Marché du neuf en recule : une opportunité pour les marchands VO
Actualités Marché du neuf en recule : une opportunité pour les marchands VO
Un marché européen du neuf en repli dès janvier : un signal à ne pas sous-estimer
Le début d’année confirme une tendance que beaucoup d’opérateurs pressentaient : le marché des véhicules neufs recule dans l’Union européenne. Les immatriculations enregistrent une baisse d’environ –3,9 % en janvier, selon les données relayées par plusieurs médias économiques.
Ce repli intervient après une phase de rattrapage post-crise, et marque un coup d’arrêt dans la dynamique engagée en 2024. Les principaux marchés affichent des évolutions contrastées :
L’Allemagne montre des signes d’essoufflement.
La France s’inscrit dans une dynamique prudente.
L’Italie et l’Espagne résistent davantage, mais sans créer d’élan massif.
Pour les professionnels, le message est clair : la demande en neuf n’est plus portée par un effet de rattrapage, mais confrontée à des freins structurels : Pouvoir d’achat ; financement ; attentisme.
Plusieurs facteurs expliquent cette contraction :
Taux d’intérêt encore élevés, qui renchérissent les financements.
Prix catalogue en hausse constante, notamment sur les véhicules électrifiés.
Attentisme des ménages, qui anticipent d’éventuelles évolutions réglementaires ou fiscales.
Dans ce contexte, le neuf redevient un achat fortement contraint.
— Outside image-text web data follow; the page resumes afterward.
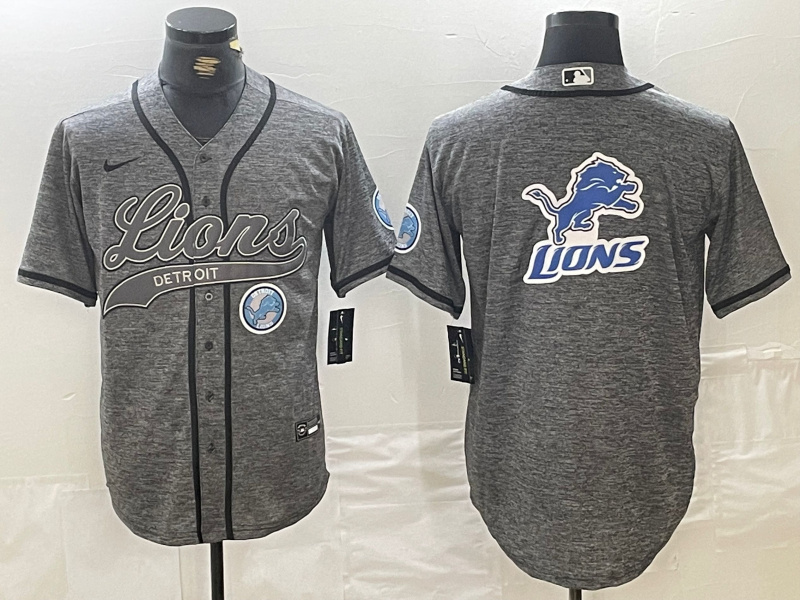 Men's Detroit Lions Team Big Logo Grey Cool Base Stitched Baseball Jersey 1 Men's Detroit Lions Team Big Logo Grey Cool Base Stitched Baseball Jersey 1
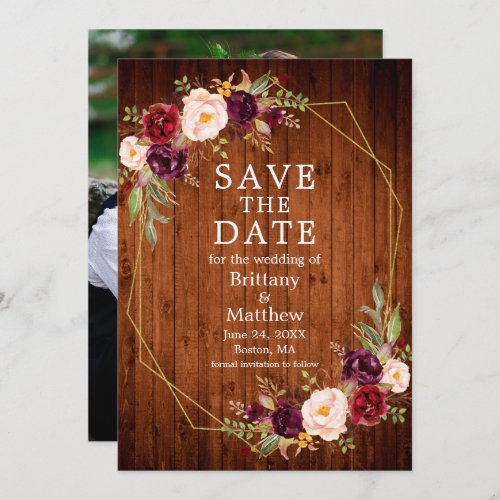 Watercolor Burgundy Floral Wood Geo Frame Photo Save The Date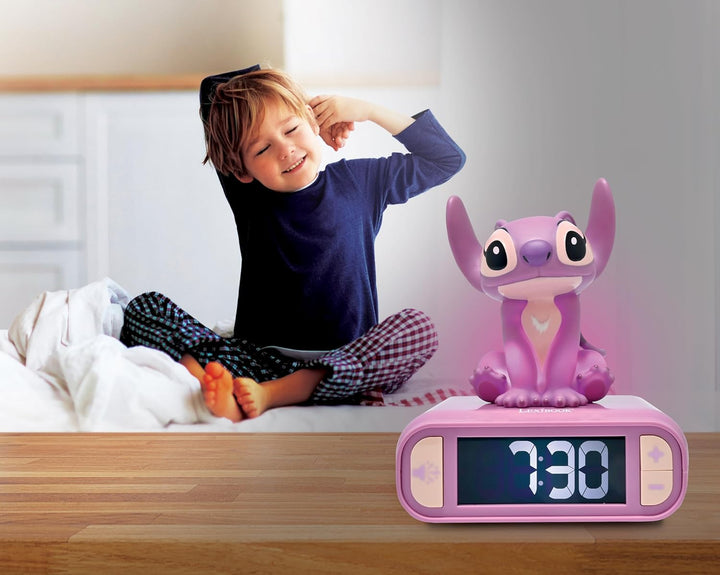 Lexibook, Disney Stitch, Angel Nachtlicht-Wecker, Töne und Melodien, hintergrundbeleuchteter LCD-Bil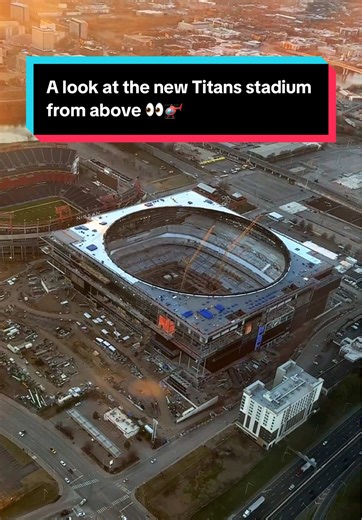 A look at the new @Tennessee Titans stadium from the sky 👀🚁 Cc: @Fly Heli Tours and Charters #Nashville #615 #Titans #NFL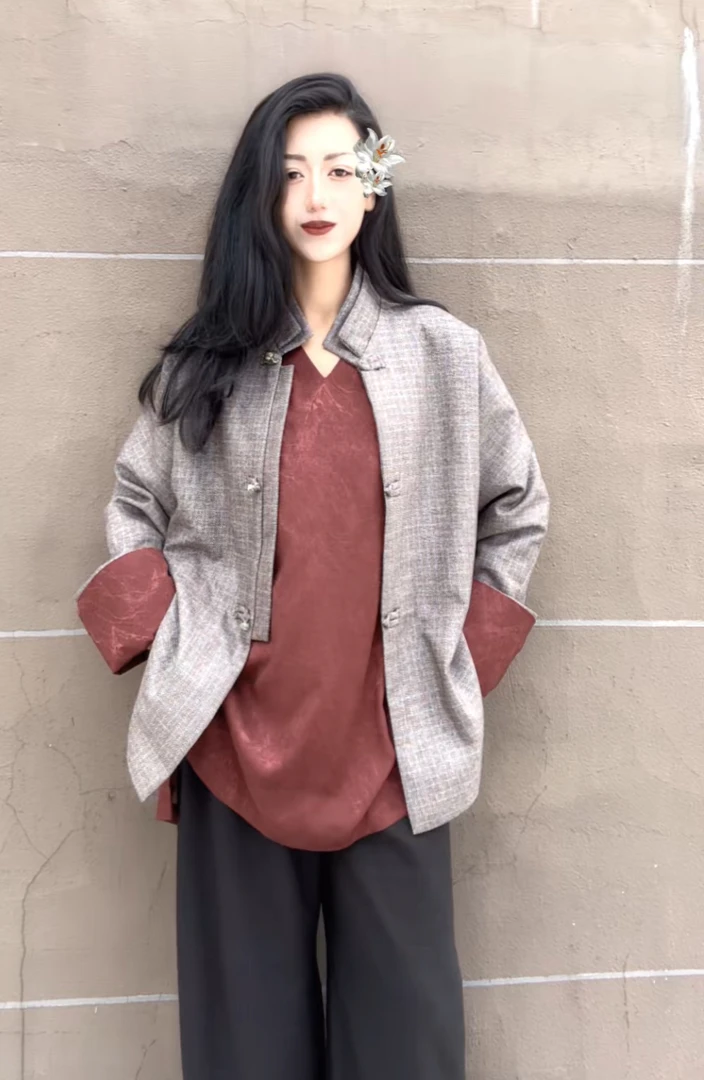 女士外套经典藏式款复古简约高级感灰色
Or, historiquement, lorsque le neuf ralentit, le marché de l’occasion absorbe une partie significative de la demande reportée.
Pour un marchand VO, cette configuration n’est pas une menace : c’est un indicateur avancé d’opportunité.
L’électrique progresse pendant que le thermique recule : un basculement stratégique du mix
Paradoxalement, malgré la baisse globale du marché, les ventes de véhicules 100 % électriques progressent. Leur part de marché continue d’augmenter, portée par :
Les objectifs européens de décarbonation.
Les stratégies constructeurs orientées vers l’électrification.
Les flottes d’entreprise, toujours très dynamiques sur ce segment.
À l’inverse, les motorisations thermiques reculent nettement, aussi bien en essence qu’en diesel.
Une transformation qui reconfigure la chaîne de valeur.
Ce basculement n’est pas anecdotique. Il entraîne :
Une modification des volumes de production.
Une raréfaction progressive de certaines motorisations thermiques.
Une pression accrue sur les prix du neuf électrique.
Pour le marché de l’occasion, plusieurs conséquences sont à anticiper :
L’offre future de VO thermiques récents pourrait se tendre si les immatriculations neuves diminuent durablement.
Les premiers retours significatifs de véhicules électriques en seconde main vont s’accélérer.
Les clients vont comparer de plus en plus électrique neuf subventionné vs électrique d’occasion mieux positionné en prix.
Autrement dit, nous assistons à une recomposition du mix produit qui impactera directement la stratégie d’approvisionnement des marchands VO dans les 12 à 24 mois.
Pourquoi le recul du neuf peut devenir une opportunité majeure pour les marchands VO ?
Quand le marché du neuf ralentit de près de 4 % dès janvier, ce n’est jamais neutre pour l’écosystème automobile. Mais pour les professionnels du véhicule d’occasion, ce type de configuration crée historiquement des effets de report puissants.
Moins de neuf, plus d'opportunités pour l'occasion récente
Dans un contexte de taux de financement élevés, prix catalogue en hausse et pouvoir d’achat sous pression, le client final revoit ses priorités.
Et son arbitrage est simple : à budget constant, il monte en gamme en occasion plutôt que de descendre en gamme en neuf.
Concrètement :
Un SUV compact thermique neuf devient inaccessible.
Le même modèle de 2 ou 3 ans devient une alternative rationnelle.
Les ménages privilégient le rapport équipement/prix plutôt que le "zéro kilomètre".
Pour un marchand VO, cela signifie une chose : la demande ne disparaît pas, elle se déplace.